Mitochondria regulate the innate immune system through the following two primary pathways: the cyclic GMP−AMP synthase (cGAS)−stimulator of interferon genes (STING) signaling and the NLR pyrin domain containing 3(NLRP3) inflammasome signaling [69,70]. Mitochondrial damage may induce the efflux of mtDNA into the cytosol via BAX/BAK macropores, mPTP opening, and VDAC oligomerization [16,69]. The cGAS−STING pathway has emerged as a crucial mechanism linking the detection of cytosolic mtDNA to the initiation of inflammatory responses [56,70]. cGAS acts as a cytosolic double-stranded DNA sensor that recognizes cytosolic mtDNA and catalyzes the production of the second messenger molecule 2′3′ cyclic GMP−AMP (cGAMP) [69,70]. Upon the binding of cGAMP to STING dimers, STING undergoes oligomerization and translocates from the ER to the cis-Golgi network.

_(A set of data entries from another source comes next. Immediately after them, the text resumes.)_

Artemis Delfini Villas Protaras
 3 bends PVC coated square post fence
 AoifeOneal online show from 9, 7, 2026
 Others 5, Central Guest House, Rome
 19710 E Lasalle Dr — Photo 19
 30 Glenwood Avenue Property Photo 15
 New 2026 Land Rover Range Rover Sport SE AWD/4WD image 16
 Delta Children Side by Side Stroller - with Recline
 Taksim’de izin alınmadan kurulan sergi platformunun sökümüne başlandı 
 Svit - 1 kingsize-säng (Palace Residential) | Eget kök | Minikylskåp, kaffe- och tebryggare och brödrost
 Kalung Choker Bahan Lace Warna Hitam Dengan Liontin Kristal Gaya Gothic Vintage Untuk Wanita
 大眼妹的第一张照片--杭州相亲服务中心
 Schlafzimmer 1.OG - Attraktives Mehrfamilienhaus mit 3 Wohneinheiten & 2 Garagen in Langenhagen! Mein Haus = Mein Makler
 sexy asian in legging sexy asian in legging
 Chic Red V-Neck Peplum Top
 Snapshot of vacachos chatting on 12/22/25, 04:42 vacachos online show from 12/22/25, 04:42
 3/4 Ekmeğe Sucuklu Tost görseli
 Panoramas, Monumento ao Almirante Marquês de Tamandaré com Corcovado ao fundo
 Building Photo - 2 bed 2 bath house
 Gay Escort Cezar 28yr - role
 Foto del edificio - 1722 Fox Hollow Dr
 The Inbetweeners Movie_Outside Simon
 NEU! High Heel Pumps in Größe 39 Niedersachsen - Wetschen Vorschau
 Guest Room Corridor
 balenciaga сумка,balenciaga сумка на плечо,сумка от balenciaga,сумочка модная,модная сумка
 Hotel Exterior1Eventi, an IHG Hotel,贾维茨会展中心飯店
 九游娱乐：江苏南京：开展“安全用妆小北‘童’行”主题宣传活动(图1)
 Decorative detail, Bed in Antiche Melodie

Subsequently, STING migrates to the trans-Golgi network where it clusters through palmitoylation-dependent accumulation of cholesterol [71]. The clustering of STING facilitates the recruitment and activation of TANK-binding kinase 1 (TBK1), resulting in STING phosphorylation [56,69,71]. Active TBK1 then phosphorylates the transcription factor interferon regulatory factor 3 (IRF3), promoting IRF3 dimerization and translocation to the nucleus to initiate the type I interferon (IFN) response [16,56,69,70]. Moreover, STING activates the NF-κB signaling pathway by phosphorylating the IκB/IκB kinase (IKK) complex, leading to the upregulation of proinflammatory cytokines, such as IFN−β1, interleukin-6 (IL−6), and TNF [56,69].
The NLRP3 inflammasome signaling is activated by both mtDNA and mitochondrial ROS released from stressed mitochondria [56,69]. This multiprotein complex comprises the cytosolic sensor NLRP3, the adapter protein apoptosis-associated speck-like protein containing a CARD (ASC), and the effector pro-caspase-1, leading to caspase-1-mediated proteolytic maturation and the secretion of IL−1β and IL−18 [69,72,73]. Oxidized mtDNA (Ox−mtDNA) is generated when mtDNA is exposed to mitochondrial ROS during mitochondrial dysfunction, and it is released into the cytosol through mPTP- and VDAC-dependent channels. The accumulation of Ox−mtDNA in the cytosol binds to NLRP3, triggering the assembly and activation of the NLRP3 inflammasome, along with STING Ser365 phosphorylation [72]. However, the mechanism by which mtROS and mtDNA activate the NLRP3 inflammasome remains unclear due to the absence of DNA recognition or binding domains within the NLRP3 receptor. Optimal NLRP3 inflammasome activation involves physical interactions between NLRP3 and cardiolipin, a mitochondrial phospholipid, as well as thioredoxin-interacting protein (TXNIP), a pro-oxidant protein that translocates from the nucleus to the mitochondria under oxidative and endoplasmic reticulum (ER) stress [12,56]. Interestingly, STING also activates the NLRP3 inflammasome in response to cytosolic DNA stimulation by promoting NLRP3 localization in the ER and facilitating NLRP3 inflammasome formation. STING interacts with NLRP3 to inhibit K48- and K63-linked polyubiquitination, thereby promoting NLRP3 inflammasome activation [74]. Thus, various mitochondrial components and products released during mitochondrial dysfunction promote inflammatory responses through the activation of cGAS−STING signaling and NLRP3 inflammasome signaling. Although recent studies have focused on the relationship between the cGAS−STING signaling axis and the NLRP3 inflammasome due to their similarities in responding to cellular stress and their downstream effects, their biological relevance and physical interaction have yet to be confirmed. Significant questions remain, including whether the NLRP3 inflammasome can activate the cGAS−STING signaling pathway, which signaling pathway is predominantly activated by specific cellular stress conditions, and which signaling pathway contributes more to the progression of inflammation-related diseases.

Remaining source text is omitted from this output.